蒋氏的婚变,不仅唐玉瑞个人无法接受,就法律手续而言也存在问题。蒋氏心中的新生活一开始就陷入了烦恼之中。另一位外交家顾维钧也闹过婚变,其原配夫人黄蕙兰在回忆录中生动记载了唐玉瑞不屈不挠“维权”的场景,“她眼见婚姻无可挽救,于是背上一块标语牌,站在联合国大厦之前,向公众宣示她丈夫违法重婚。
……又写信给我,问我能否安排与罗斯福总统的遗孀见面。”以蒋氏的声望、地位和影响,这样的尴尬注定会给其后半生造成重大困扰。
作为一个天才的史学家,蒋廷黻未享高寿,其后半生也几乎没有值得一提的著作,与婚变关系甚巨。而他在婚变中的表现,又不能不使旁观者对其操守产生怀疑。当初,刚刚从学者转型做官员的蒋廷黻对上门谋事的老乡头痛不已并大发感慨,时人对其居官时的清廉也赞叹不止,然而时移势异,其在婚变时的表现无论如何都要算是公权私用了。
“在山泉水清,出山泉水浊”,难道一个素有操守和底线的学者一旦沾上权力,如蒋廷黻、顾维钧也逃脱不了类似的规律?

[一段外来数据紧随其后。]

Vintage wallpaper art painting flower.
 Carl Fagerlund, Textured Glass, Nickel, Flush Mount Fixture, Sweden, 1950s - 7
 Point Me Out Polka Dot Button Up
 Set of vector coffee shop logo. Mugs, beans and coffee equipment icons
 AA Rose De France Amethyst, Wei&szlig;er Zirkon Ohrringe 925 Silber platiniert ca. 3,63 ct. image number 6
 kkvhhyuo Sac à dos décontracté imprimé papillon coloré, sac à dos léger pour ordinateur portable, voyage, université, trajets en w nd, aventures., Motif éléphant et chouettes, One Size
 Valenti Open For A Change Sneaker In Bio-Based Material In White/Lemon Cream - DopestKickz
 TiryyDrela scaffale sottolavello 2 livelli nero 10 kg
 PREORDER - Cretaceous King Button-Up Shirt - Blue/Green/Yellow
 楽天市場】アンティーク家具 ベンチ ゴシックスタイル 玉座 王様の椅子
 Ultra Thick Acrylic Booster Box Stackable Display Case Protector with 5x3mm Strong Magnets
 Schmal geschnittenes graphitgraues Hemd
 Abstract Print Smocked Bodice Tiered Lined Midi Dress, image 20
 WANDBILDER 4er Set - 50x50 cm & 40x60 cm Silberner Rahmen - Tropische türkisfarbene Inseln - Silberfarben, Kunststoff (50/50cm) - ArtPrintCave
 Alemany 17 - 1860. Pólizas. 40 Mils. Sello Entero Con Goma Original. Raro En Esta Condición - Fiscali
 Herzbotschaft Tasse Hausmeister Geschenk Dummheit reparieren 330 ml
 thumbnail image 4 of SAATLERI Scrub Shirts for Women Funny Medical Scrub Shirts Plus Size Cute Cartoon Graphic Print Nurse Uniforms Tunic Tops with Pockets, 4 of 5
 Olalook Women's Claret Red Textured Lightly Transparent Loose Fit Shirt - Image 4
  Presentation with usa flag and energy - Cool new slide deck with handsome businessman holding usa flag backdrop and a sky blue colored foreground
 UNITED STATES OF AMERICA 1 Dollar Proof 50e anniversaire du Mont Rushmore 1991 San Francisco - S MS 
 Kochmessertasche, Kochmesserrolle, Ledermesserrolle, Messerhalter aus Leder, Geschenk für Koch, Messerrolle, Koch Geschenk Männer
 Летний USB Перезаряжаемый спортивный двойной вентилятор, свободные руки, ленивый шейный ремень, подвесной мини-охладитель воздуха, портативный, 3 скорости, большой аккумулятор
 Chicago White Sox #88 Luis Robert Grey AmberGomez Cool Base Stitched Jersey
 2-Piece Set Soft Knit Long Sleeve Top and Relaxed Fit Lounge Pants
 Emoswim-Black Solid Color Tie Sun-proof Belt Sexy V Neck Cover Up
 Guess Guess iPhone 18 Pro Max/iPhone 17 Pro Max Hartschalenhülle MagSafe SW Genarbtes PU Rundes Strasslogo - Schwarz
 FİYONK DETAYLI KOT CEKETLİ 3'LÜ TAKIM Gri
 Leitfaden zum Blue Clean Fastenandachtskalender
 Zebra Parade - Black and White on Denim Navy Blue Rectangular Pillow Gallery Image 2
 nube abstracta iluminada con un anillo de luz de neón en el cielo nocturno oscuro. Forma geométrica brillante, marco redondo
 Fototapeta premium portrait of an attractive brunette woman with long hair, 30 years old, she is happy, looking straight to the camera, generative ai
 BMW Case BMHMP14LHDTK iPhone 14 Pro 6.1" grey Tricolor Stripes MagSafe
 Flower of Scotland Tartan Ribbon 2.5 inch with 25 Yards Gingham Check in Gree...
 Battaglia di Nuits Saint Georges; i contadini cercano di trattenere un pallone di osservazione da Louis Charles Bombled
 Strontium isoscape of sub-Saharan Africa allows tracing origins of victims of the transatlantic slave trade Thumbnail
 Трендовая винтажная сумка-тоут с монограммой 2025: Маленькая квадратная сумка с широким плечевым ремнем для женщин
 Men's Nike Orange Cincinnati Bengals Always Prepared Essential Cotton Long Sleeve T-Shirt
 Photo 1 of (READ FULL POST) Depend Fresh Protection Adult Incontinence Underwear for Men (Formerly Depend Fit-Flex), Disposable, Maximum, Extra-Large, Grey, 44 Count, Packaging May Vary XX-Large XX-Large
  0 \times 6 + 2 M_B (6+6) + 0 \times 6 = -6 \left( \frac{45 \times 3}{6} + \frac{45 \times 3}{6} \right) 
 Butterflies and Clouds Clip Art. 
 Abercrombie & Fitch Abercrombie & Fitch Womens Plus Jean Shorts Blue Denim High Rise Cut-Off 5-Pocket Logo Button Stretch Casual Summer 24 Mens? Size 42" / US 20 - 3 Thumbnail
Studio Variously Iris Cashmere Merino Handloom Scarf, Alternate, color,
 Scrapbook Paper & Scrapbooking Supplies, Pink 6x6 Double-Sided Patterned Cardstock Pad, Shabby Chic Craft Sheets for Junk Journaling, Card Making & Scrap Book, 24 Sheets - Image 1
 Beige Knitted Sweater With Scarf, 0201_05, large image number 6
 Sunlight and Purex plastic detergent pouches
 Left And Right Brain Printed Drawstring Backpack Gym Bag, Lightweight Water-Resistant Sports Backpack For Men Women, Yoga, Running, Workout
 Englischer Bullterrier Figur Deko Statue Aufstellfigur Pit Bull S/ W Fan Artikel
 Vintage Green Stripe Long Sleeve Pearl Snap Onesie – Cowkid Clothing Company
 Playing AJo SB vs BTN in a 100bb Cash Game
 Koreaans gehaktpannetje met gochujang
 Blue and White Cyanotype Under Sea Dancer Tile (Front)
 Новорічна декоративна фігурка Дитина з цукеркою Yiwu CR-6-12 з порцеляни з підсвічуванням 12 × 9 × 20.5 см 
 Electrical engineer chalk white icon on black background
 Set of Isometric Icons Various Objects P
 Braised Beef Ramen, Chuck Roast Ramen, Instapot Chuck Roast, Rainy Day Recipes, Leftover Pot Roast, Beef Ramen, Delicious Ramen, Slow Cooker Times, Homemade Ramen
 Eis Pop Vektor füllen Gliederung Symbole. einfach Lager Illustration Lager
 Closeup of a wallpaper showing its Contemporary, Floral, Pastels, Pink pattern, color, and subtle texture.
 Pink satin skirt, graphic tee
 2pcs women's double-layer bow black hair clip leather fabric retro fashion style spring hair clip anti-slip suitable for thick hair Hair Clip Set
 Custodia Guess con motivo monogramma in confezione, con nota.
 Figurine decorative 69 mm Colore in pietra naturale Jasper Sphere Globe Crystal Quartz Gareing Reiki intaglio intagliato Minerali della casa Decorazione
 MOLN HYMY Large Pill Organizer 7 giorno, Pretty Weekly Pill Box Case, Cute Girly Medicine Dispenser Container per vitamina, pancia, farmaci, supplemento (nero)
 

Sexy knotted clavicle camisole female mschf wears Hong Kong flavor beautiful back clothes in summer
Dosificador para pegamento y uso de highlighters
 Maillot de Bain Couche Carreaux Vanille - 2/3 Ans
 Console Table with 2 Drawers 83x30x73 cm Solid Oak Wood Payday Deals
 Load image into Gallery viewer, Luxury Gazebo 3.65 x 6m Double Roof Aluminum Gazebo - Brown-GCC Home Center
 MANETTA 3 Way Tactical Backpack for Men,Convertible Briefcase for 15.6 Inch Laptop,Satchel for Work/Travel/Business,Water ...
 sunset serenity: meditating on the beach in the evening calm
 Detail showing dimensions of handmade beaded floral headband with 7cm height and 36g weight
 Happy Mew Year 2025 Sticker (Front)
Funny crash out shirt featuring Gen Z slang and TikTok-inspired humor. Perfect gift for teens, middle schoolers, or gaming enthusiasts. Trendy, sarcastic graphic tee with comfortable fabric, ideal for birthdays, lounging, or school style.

对蒋廷黻他们来说,决定其悲剧命运的恐怕还是缘于其对婚姻的认识。一个与蒋廷黻完全相反的例子是陈寅恪,陈寅恪曰:“学德不如人,此实吾大耻。娶妻不如人,又何耻之有?”又曰:“娶妻仅生涯中之一事,小之又小者耳。轻描淡写,得便了之可也。”这是一个立志献身于学问者的悟道之言,当然这样的见解并不适用于普通人群,但毫无疑问,蒋廷黻应该是一个比较适宜的倾听者。